• Verso un Ente di Decolonizzazione

    Alla Quadriennale d’Arte 2020 a Roma la nuova installazione di Decolonizing Architecture Art Research con dossier fotografico di Luca Capuano.

    Nel 1940 il regime fascista istituì l’Ente di Colonizzazione del Latifondo Siciliano, seguendo il modello dell’Ente di Colonizzazione della Libia, e delle architetture coloniali in Eritrea e in Etiopia, e di quanto già sperimentato con i piani di bonifica integrale e di “colonizzazione interna” dell’Agro Pontino negli anni trenta. Utilizzando diverse forme di violenza e oppressione, forme genocidiarie nei confronti dei popoli colonizzati e ingegneria sociale e violenza di classe sul fronte italiano, il fascismo aveva individuato in questi “territori”, uno spazio geografico astratto, uniforme e omogeneo da “modernizzare” e “ripopolare”, in quanto considerato “vuoto”, “sottosviluppato” e “arretrato”. A tale scopo la Sicilia era diventata agli occhi del fascismo, l’ultimo fronte della modernizzazione, il cui mondo rurale, in contrapposizione alla città, era considerato un terreno “vergine” da occupare.

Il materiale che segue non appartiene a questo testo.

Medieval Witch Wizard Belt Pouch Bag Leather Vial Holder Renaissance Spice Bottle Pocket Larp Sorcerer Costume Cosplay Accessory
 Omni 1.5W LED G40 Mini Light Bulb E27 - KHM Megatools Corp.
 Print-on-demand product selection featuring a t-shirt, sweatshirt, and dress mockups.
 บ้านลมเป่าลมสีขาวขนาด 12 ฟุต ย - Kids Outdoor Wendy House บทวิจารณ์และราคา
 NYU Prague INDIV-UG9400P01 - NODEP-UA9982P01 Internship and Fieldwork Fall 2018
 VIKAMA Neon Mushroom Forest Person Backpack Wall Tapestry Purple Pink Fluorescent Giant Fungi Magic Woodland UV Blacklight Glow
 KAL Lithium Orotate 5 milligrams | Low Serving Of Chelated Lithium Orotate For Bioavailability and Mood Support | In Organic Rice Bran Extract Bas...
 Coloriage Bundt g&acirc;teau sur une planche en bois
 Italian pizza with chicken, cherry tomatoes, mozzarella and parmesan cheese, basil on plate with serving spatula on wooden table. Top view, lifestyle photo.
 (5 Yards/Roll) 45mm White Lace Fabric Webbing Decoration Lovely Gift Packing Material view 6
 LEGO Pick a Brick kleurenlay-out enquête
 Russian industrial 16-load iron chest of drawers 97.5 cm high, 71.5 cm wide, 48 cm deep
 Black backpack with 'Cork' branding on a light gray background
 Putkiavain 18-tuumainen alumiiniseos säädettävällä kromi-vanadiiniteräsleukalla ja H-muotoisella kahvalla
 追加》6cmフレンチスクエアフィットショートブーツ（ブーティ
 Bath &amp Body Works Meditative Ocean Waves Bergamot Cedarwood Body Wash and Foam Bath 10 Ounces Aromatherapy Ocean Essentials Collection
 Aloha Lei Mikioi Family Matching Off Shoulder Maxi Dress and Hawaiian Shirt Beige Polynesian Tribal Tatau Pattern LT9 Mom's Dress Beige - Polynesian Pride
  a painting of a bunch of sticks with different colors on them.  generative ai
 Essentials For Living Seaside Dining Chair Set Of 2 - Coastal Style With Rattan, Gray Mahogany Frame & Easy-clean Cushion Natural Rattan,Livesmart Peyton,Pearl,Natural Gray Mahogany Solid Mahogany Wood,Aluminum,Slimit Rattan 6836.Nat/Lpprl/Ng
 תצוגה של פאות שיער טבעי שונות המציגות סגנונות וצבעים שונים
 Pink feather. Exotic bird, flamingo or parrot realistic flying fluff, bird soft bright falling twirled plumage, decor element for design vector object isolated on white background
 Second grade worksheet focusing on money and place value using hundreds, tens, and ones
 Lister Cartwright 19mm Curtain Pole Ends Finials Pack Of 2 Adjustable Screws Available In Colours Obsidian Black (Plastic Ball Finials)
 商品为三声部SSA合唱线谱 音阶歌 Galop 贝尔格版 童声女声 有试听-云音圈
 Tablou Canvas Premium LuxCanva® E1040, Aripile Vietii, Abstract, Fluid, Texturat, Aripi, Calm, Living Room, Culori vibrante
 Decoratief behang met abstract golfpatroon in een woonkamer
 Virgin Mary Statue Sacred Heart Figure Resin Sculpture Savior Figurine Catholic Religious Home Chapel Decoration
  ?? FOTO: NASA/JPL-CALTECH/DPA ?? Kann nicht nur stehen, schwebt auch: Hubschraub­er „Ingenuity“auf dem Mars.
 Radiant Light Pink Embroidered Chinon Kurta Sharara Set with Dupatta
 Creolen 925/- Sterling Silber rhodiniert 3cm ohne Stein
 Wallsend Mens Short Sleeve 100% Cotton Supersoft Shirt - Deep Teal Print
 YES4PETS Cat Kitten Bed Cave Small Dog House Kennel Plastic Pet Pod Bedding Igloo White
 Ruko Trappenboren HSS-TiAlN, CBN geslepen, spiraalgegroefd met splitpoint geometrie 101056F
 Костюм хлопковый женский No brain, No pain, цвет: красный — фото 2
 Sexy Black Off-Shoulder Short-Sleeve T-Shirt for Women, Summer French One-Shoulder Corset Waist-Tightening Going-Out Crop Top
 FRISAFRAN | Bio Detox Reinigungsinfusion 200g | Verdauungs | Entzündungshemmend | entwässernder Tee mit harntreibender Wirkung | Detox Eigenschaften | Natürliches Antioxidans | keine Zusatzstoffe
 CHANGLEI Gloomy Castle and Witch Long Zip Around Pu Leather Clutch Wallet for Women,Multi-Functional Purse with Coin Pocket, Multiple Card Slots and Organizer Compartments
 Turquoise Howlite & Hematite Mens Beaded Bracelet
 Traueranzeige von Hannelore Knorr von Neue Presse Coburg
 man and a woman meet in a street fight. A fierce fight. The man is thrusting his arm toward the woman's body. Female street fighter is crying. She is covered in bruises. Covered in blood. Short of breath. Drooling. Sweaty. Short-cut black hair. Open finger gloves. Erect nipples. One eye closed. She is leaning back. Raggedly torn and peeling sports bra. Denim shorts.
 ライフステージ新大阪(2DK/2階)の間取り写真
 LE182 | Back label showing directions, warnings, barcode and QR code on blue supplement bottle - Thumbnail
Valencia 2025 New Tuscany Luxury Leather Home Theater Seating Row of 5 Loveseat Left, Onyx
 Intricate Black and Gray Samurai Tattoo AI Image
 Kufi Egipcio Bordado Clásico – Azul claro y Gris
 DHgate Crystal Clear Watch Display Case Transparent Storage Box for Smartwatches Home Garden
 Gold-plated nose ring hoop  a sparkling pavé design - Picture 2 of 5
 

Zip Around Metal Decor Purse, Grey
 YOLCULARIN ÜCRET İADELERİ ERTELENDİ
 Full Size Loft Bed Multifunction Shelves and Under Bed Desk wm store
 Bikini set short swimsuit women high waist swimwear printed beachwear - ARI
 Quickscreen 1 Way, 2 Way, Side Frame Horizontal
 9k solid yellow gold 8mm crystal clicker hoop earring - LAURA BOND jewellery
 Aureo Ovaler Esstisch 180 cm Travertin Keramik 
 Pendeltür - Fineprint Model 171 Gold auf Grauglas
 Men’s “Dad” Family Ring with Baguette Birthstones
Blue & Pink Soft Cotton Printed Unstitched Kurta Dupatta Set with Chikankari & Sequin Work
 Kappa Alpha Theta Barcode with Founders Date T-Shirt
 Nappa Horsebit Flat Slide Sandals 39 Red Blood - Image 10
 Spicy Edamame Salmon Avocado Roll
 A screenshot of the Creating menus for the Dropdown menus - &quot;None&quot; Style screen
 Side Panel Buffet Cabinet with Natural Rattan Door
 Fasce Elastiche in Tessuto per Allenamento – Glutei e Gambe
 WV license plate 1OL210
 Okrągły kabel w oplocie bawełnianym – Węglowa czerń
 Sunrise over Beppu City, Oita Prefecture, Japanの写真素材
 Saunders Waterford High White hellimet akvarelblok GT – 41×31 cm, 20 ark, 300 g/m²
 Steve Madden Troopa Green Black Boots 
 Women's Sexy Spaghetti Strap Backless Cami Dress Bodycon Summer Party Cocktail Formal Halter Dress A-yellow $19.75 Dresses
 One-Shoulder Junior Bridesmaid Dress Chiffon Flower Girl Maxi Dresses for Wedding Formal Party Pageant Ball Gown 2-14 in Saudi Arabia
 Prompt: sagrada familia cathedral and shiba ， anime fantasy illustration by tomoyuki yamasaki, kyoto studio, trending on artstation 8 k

    Prima che il conflitto mondiale lo impedisse il fascismo inaugurò fino al 1943 otto borghi siciliani, mentre altri rimasero incompiuti. Seguendo i principi dell’estetica e di planimetrie moderniste, dell’architettura coloniale fascista, i borghi venivano costruiti attorno al vuoto della piazza, “centro civico” delle istituzioni dello Stato atte a “civilizzare” campagne considerate vuote e senza vita: la Casa del fascio, l’Ente della Colonizzazione, la Chiesa, le Poste, la Scuola sono soltanto alcune delle istituzioni designate a forgiare l’educazione culturale, politica e spirituale del “nuovo colono fascista”. I nuovi borghi di fondazione avrebbero cosi “connesso” tra di loro le varie parti del nuovo Impero italiano.

    Per celebrare questa unità fittizia, molti dei villaggi siciliani tra cui Borgo Bonsignore, Borgo Fazio e Borgo Giuliano presero il nome di martiri fascisti, camice nere, soldati e coloni morti in Etiopia durante la guerra coloniale di occupazione. Allo stesso tempo, il fascismo aveva continuato la “colonizzazione interna” come strumento e strategia di oppressione del dissenso interno. Se da un lato i borghi erano stati pensati come strumento e spazio di trasformazione agricola delle campagne siciliane in chiave estensiva, estrattiva e capitalista, i piani di migrazione forzate verso Sud servivano al regime ad impedire rivolte nelle campagne del Nord, spezzare i legami tra i lavoratori agricoli con i movimenti antifascisti, e trasformare i braccianti in piccoli proprietari terrieri.

    Oggi la maggior parte di questi borghi sono caduti in rovina. Il depopolamento e le migrazioni delle campagne siciliane nel dopoguerra, con il tempo hanno fatto si che gli edifici che ospitavano le istituzioni fasciste cadessero in abbandono, o in alcuni casi venissero trasformate dai residenti in abitazioni. Questi villaggi sono oggi la materializzazione di una sospensione, non la definitiva eliminazione di un percorso storico e politico. Nonostante la caduta del fascismo e la fine del colonialismo storico, la de-fascistizzazione e la decolonizzazione dell’Italia rimangono processi purtroppo incompiuti. Ad oggi il mancato processo di revisione critica ha fatto si che l’apparato culturale e politico del colonialismo e fascismo sia sopravvissuto: tra questi il razzismo istituzionale e un sentimento diffuso della presunta superiorità della civiltà europea, la conseguente deumanizzazione delle popolazioni proveniente dal mondo (post)coloniale, il sopravvivere di monumenti e strade che celebrano l’ideologia e la storia fascista e coloniale, e la carenza di un’educazione alla conoscenza critica del passato all’interno del sistema educativo italiano.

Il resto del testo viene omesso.